TASK PROMPT »
Transcribe all the entries word for word, but omit the images.
########
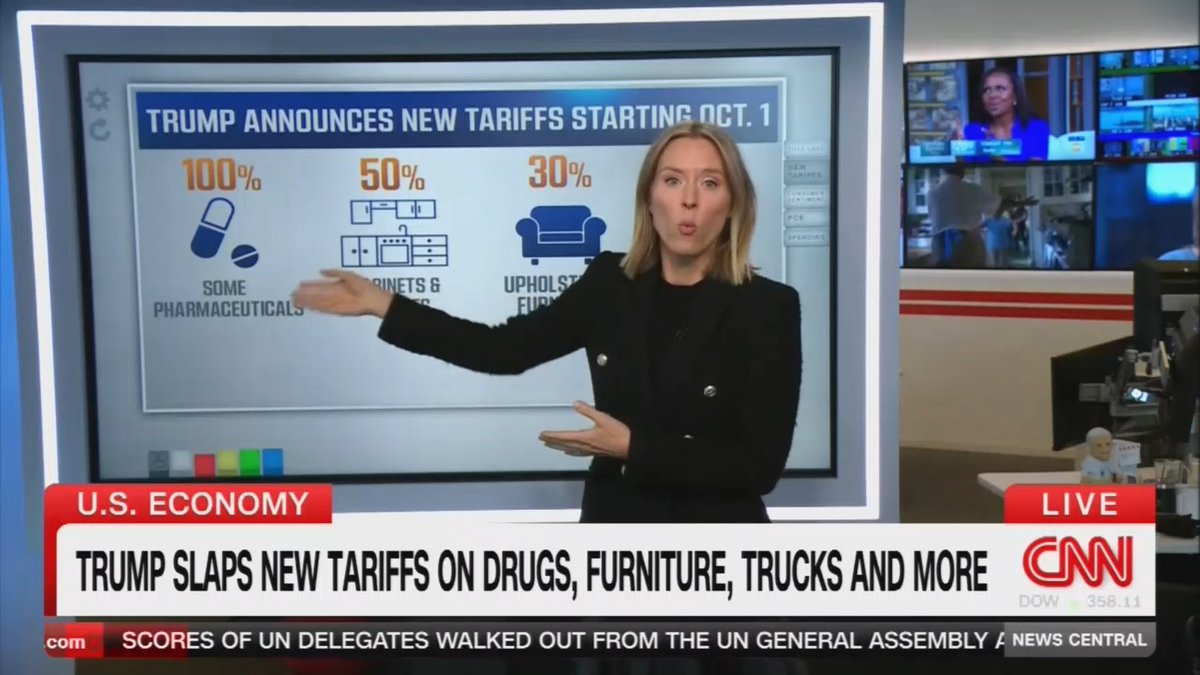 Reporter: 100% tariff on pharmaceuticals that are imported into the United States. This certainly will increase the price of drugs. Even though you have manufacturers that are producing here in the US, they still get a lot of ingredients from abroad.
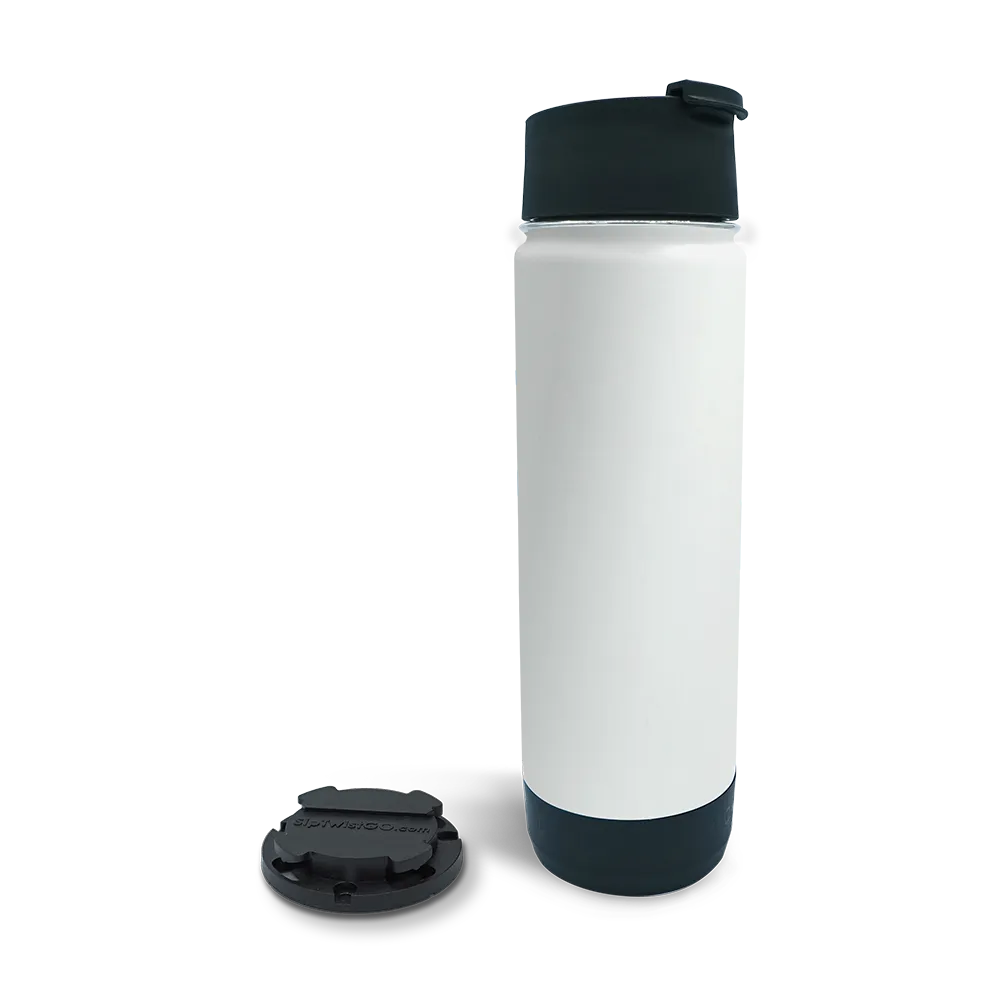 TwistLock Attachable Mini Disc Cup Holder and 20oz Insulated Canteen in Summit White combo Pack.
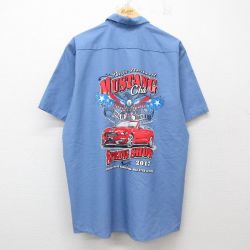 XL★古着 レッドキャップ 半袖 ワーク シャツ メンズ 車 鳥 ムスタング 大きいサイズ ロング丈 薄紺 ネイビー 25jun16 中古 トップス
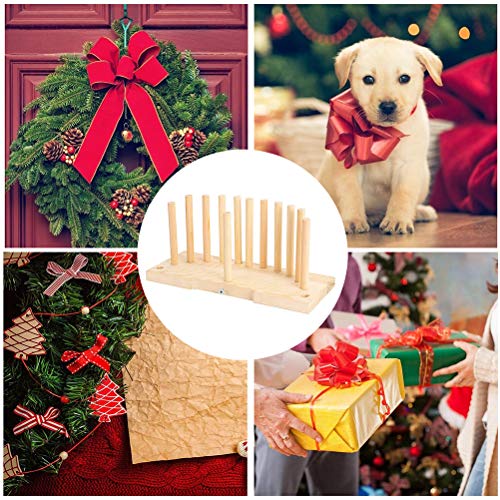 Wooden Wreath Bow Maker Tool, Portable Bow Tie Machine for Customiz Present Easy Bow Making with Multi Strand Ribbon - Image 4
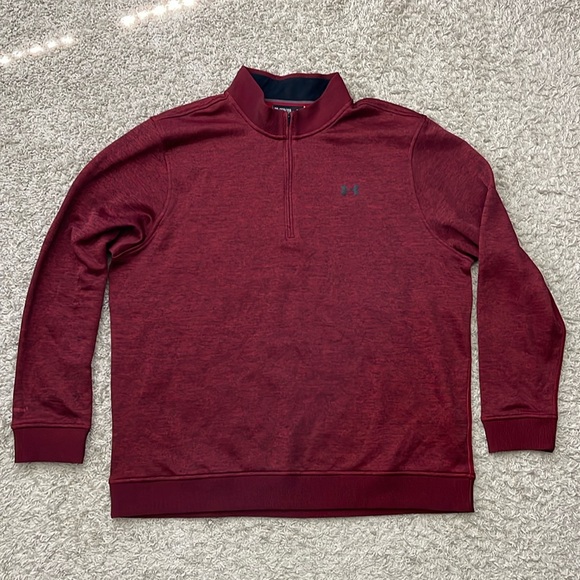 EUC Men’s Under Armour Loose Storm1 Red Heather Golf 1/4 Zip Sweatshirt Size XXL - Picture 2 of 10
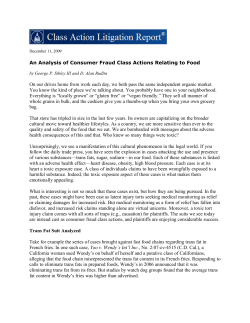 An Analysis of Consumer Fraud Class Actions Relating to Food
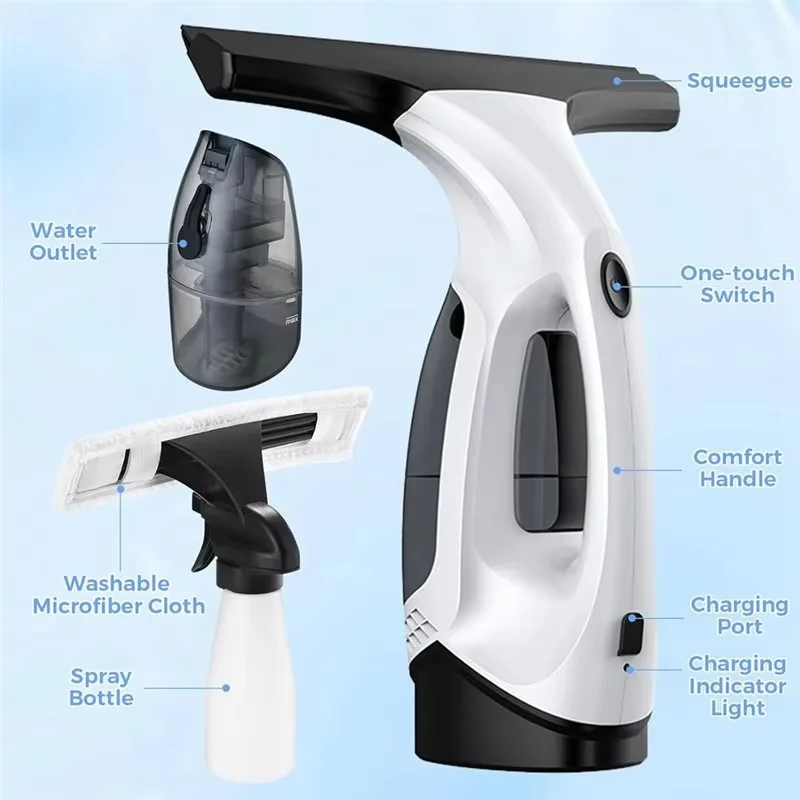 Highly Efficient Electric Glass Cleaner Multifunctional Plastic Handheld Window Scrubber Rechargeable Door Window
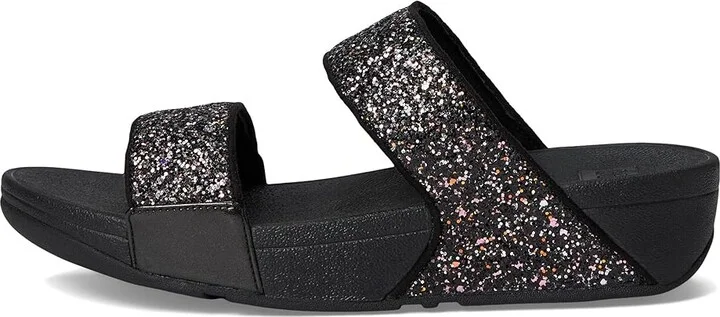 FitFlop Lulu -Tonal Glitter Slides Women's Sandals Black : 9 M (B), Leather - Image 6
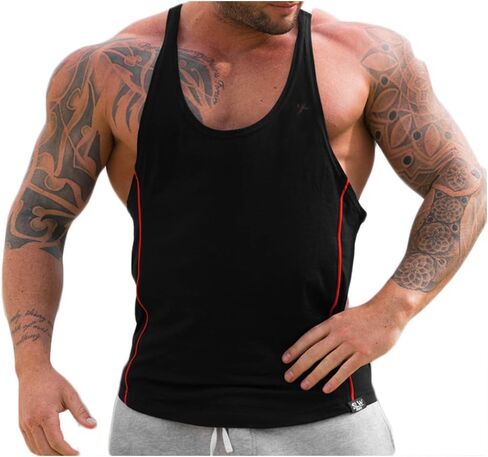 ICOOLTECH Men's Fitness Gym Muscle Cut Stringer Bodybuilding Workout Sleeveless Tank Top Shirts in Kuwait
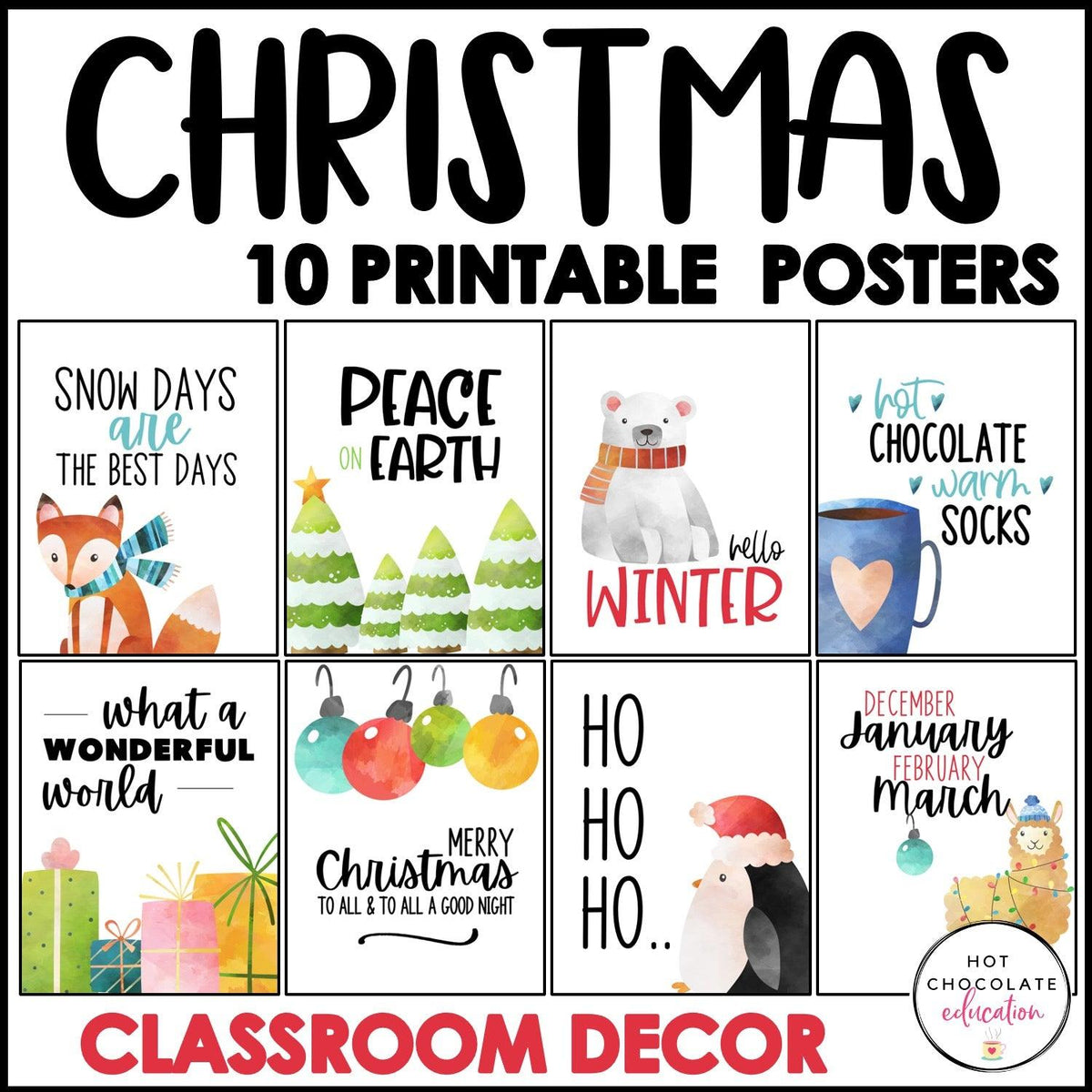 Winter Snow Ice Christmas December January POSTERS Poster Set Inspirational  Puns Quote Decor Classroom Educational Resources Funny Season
########
ANSWER BELOW »
 Reporter: 100% tariff on pharmaceuticals that are imported into the United States. This certainly will increase the price of drugs. Even though you have manufacturers that are producing here in the US, they still get a lot of ingredients from abroad.
 TwistLock Attachable Mini Disc Cup Holder and 20oz Insulated Canteen in Summit White combo Pack.
 XL★古着 レッドキャップ 半袖 ワーク シャツ メンズ 車 鳥 ムスタング 大きいサイズ ロング丈 薄紺 ネイビー 25jun16 中古 トップス
 Wooden Wreath Bow Maker Tool, Portable Bow Tie Machine for Customiz Present Easy Bow Making with Multi Strand Ribbon - Image 4
 EUC Men’s Under Armour Loose Storm1 Red Heather Golf 1/4 Zip Sweatshirt Size XXL - Picture 2 of 10
 An Analysis of Consumer Fraud Class Actions Relating to Food
 Highly Efficient Electric Glass Cleaner Multifunctional Plastic Handheld Window Scrubber Rechargeable Door Window
 FitFlop Lulu -Tonal Glitter Slides Women's Sandals Black : 9 M (B), Leather - Image 6
 ICOOLTECH Men's Fitness Gym Muscle Cut Stringer Bodybuilding Workout Sleeveless Tank Top Shirts in Kuwait
 Winter Snow Ice Christmas December January POSTERS Poster Set Inspirational  Puns Quote Decor Classroom Educational Resources Funny Season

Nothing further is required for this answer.